How do you make it easier to find opportunities to be healthier in our busy lifestyles?
Lots of people say health and fitness are important to them. Too often, that is an aspiration rather than a resolution.
A Healthy Equation.
The key is burning more calories than you consume. Yes, that is obvious … but isn't easy.
How do you measure your real caloric intake, and accurately track the calories you burn?
Image via CrunchBase
I found a tool that helps. It is called Fitbit; and it tracks your sleep patterns, eating habits and activity to help you become healthier.
It also wirelessly syncs that information with your computer, and presents it to you in a way that lets you compete to reach your goals and out-do your friends. Yes, fitness has gone social.
Gamification is getting a lot of press recently. Apparently, it works.
Competition often brings out the best in people. There is a part of me that it doesn't believe it. Experientially, however, it's clear that I'm more likely to take action in competitive situations.
In a way, you can think of the Fitbit as a game where the challenge is to get at least 10,000 steps per day (and you can also get bonuses and brownie points for doing other healthy things).
The tracking and reporting component add enough competition to change behavior.
For example, there is a certain venture capitalist who is consistently kicking my ass by generating much higher numbers than I do. In addition, there is a short and portly industry analyst (old enough to be my father) who somehow took more steps than I did last week. These things cause me to get out of my chair and exercise. It has become so persistent that I've started parking farther away just to add to my count.
The proof is in the results. Here's a graph showing my weight over the past two months.
You Can't Get There From Here.
It was harder than you might guess to get started.
I remember hearing a funny story about someone asking for directions after getting lost in a city and asking for directions. The response was "you can't get there from here." Well, it turns out that my goal of taking 10,000 steps a day was impractical; I couldn't get there from where I was.
In other words, even on a day when I exercised, my lifestyle didn't come close to an activity level of 10,000 steps per day.
Last summer, I celebrated the fact that I went to the gym three times per week. On one hand, I'm sure that's an improvement from not going to the gym three times a week. On the other hand, as I measured my activity levels and steps, that's a 5,000 to 7,000 steps per day activity level. By that, I mean that 5,000 steps is average, and I might be able to get the 7,000 steps if I really pushed myself.

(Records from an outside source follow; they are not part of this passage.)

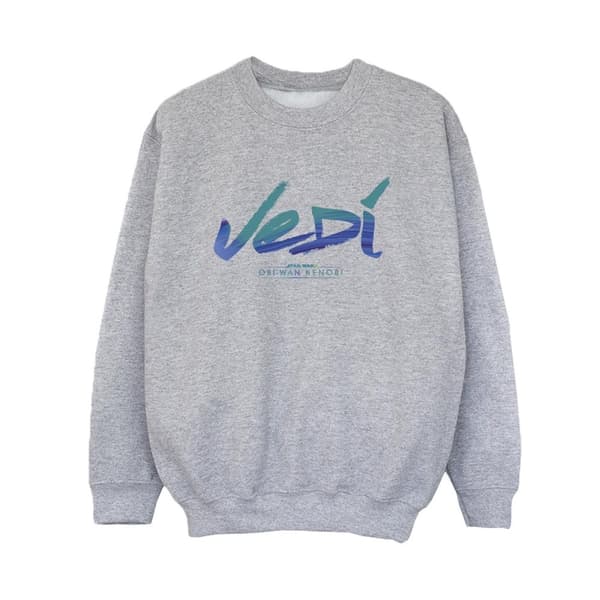 Star Wars Boys Obi-Wan Kenobi Jedi Painted Font Sweatshirt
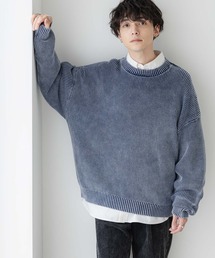RAGEBLUE | 袖ボリュームピグメント/クルーネックアゼニット(ニット/セーター)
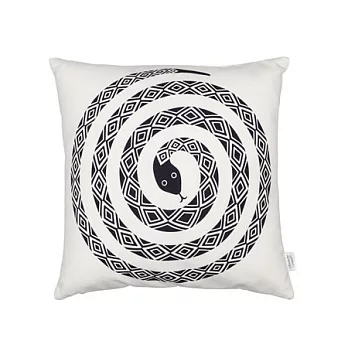 Vitra Snake 百步蛇印花抱枕(黑)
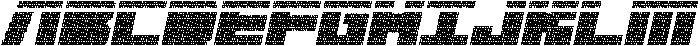 CS Acros Disco Italic otf (400) Font UPPERCASE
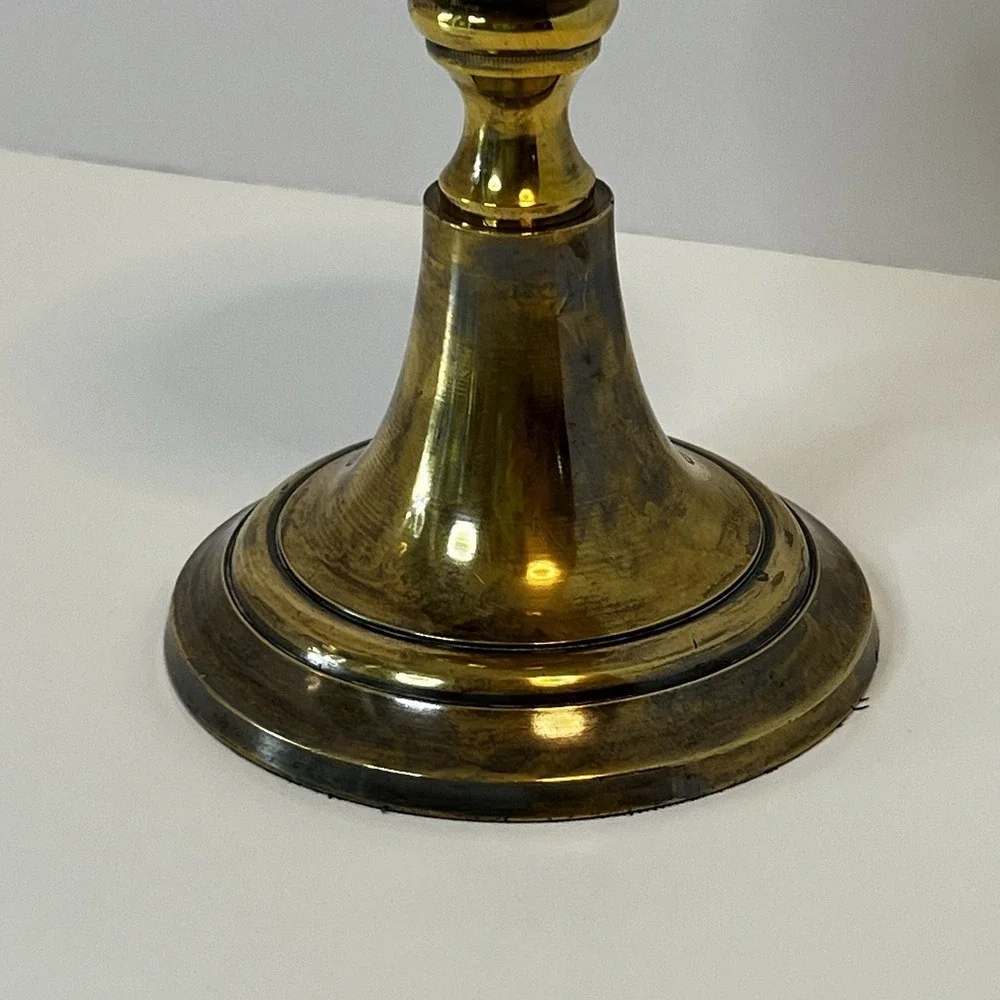 Vintage Gatco solid brass candle holder single w/ spike‎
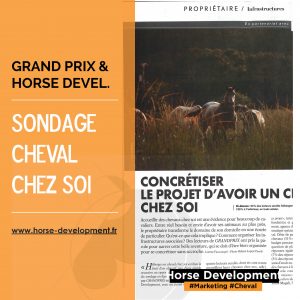 Résultats du sondage Grand Prix et Horse Development sur l'opportunité d'avoir un cheval chez soi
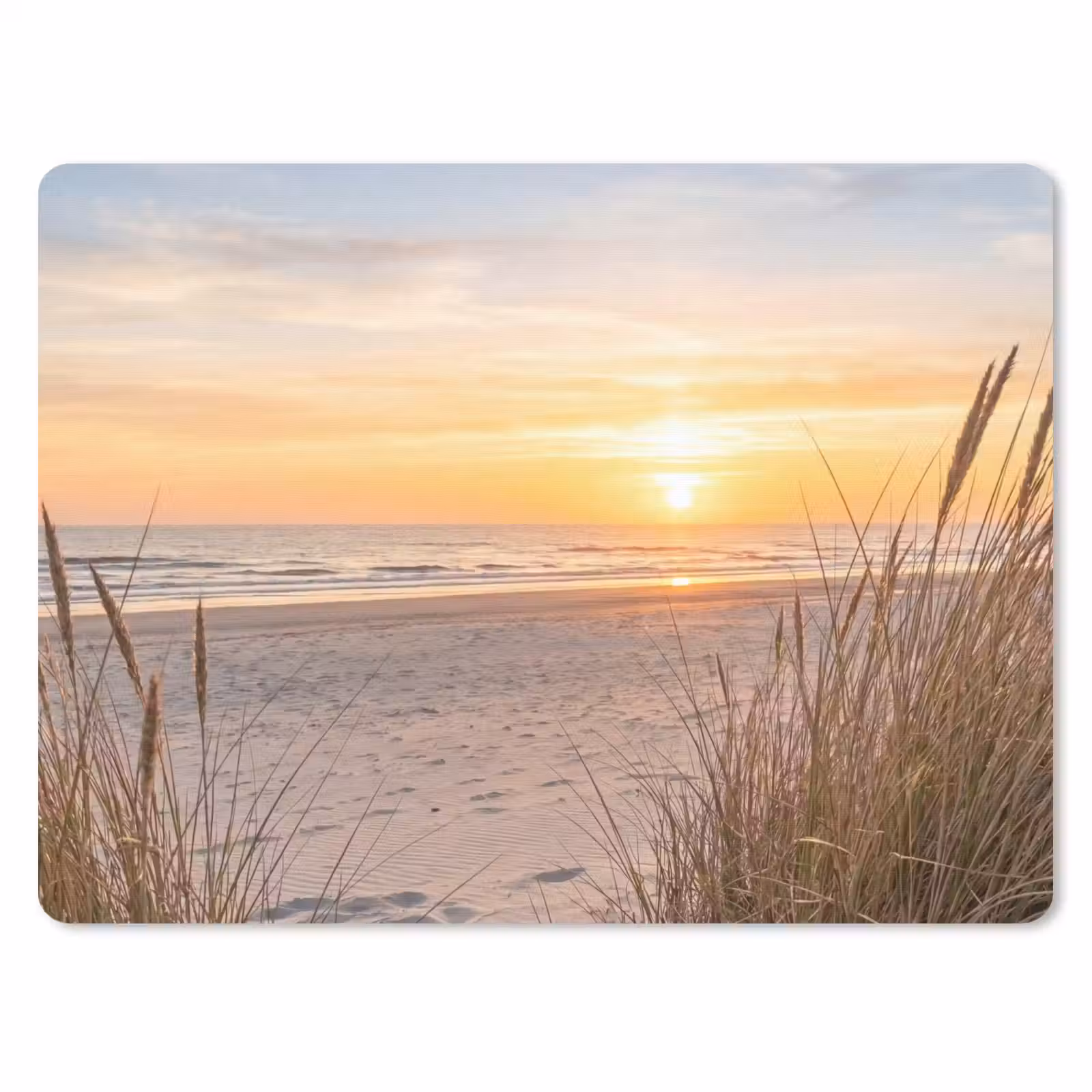 Muismat - Zonsondergang - Duinen - Zee — 1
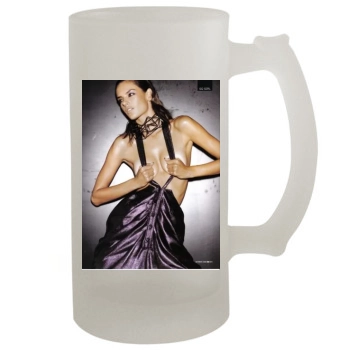 Alessandra Ambrosio 16oz Frosted Beer Stein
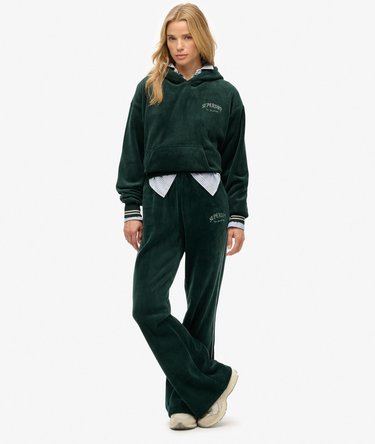 Country Club Velour Relaxed Hoodie Image 3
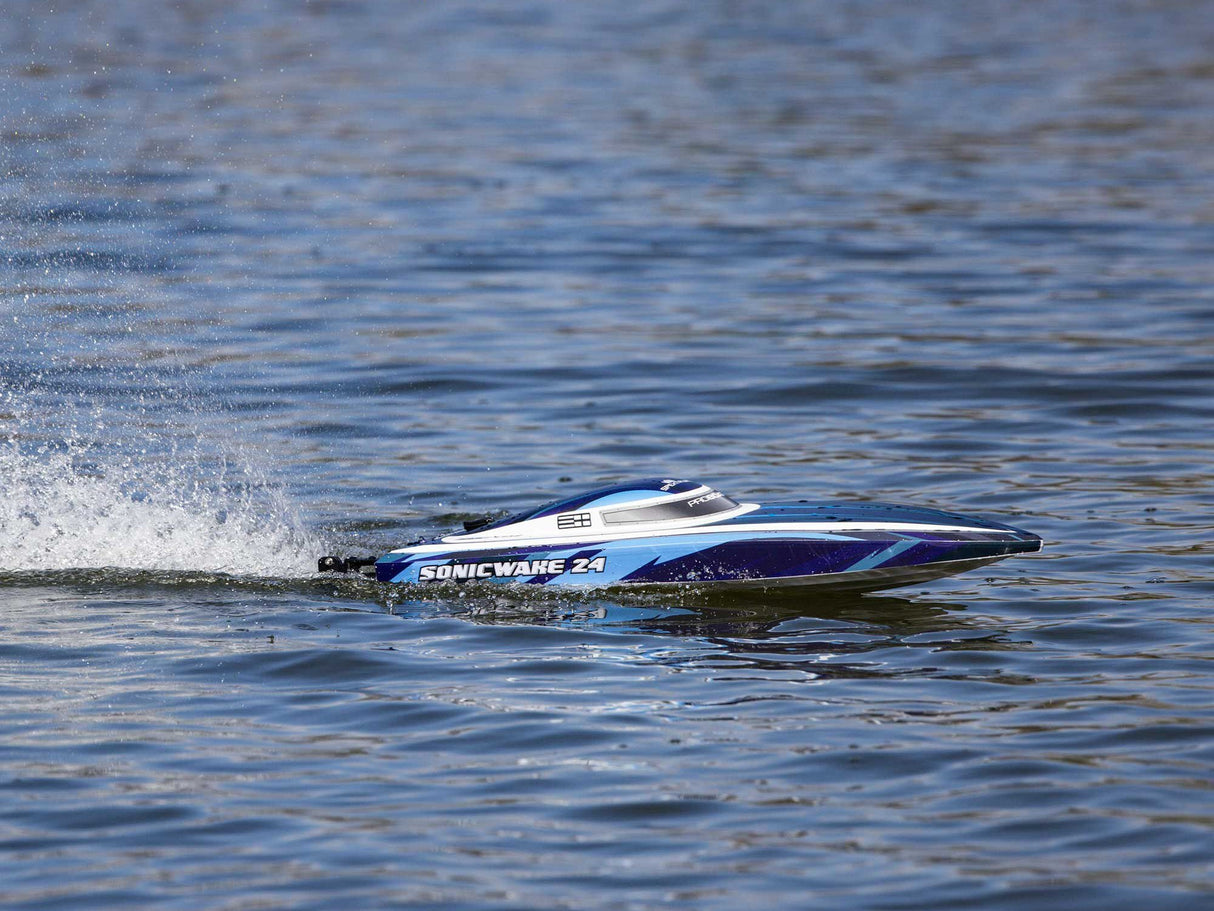 Proboat Sonicwake 24 Self-Righting Brushless Deep-V RTR - BLUE - FOR PRE ORDER - EXPECTED LATE AUGUST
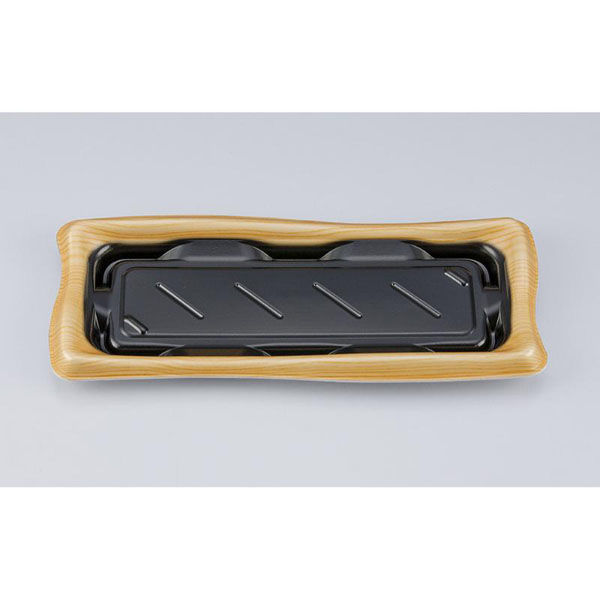 シーピー化成 寿司容器 SF瀬戸波15 松漆本体 027861500A835 1ケース(800個(50個×16))（直送品）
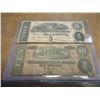 Image 1 : CONFEDERATE NOTES 1864 $5 AND 1864 $10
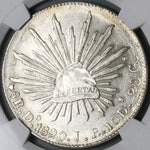 1890-Do JP NGC MS 61 Mexico 8 Reales Durango Rare Mint State Silver Coin (23042601D)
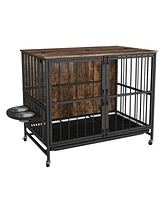 Streamdale Furniture Multifunctional Steel Dog Cage with Easy Assembly and Mobility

As a practical matter, I couldn't get to 10,000 steps per day unless I changed something. For me, that meant jogging. And trust me, jogging was something that I didn't want to do. At a little over 240 pounds it was hard to drag my well-marbled meat suit around the park (especially in the Texas heat).
So, after going to the gym, I would reluctantly find my way to the park to waddle the extra mile. That increased my steps; and it also took me past the tipping point where I started to lose weight. That made running easier. Soon, I was shuffling 2 miles. Now, 4 miles is within my comfort zone.
Again, the key is that once your activity burns more calories than you eat, weight comes off quickly. Like I said, simple, "just not easy."
Intent and Focus Help Too.
The other area where the Fitbit has made a big difference is with the intent to be healthy. It's one thing to say that you will be healthy. It's another to vote with your feet and actually do healthy things.
The Fitbit helps bring the intent to the forefront of your consciousness. That means you will think about it more often. That also means you will notice more opportunities to be more active more often. As a result of the increased activity, you will burn more calories and lead a healthier lifestyle.
It's easy to manage what you measure. So making it easier to measure something can actually make it easier to achieve better results. That's where the Fitbit shines.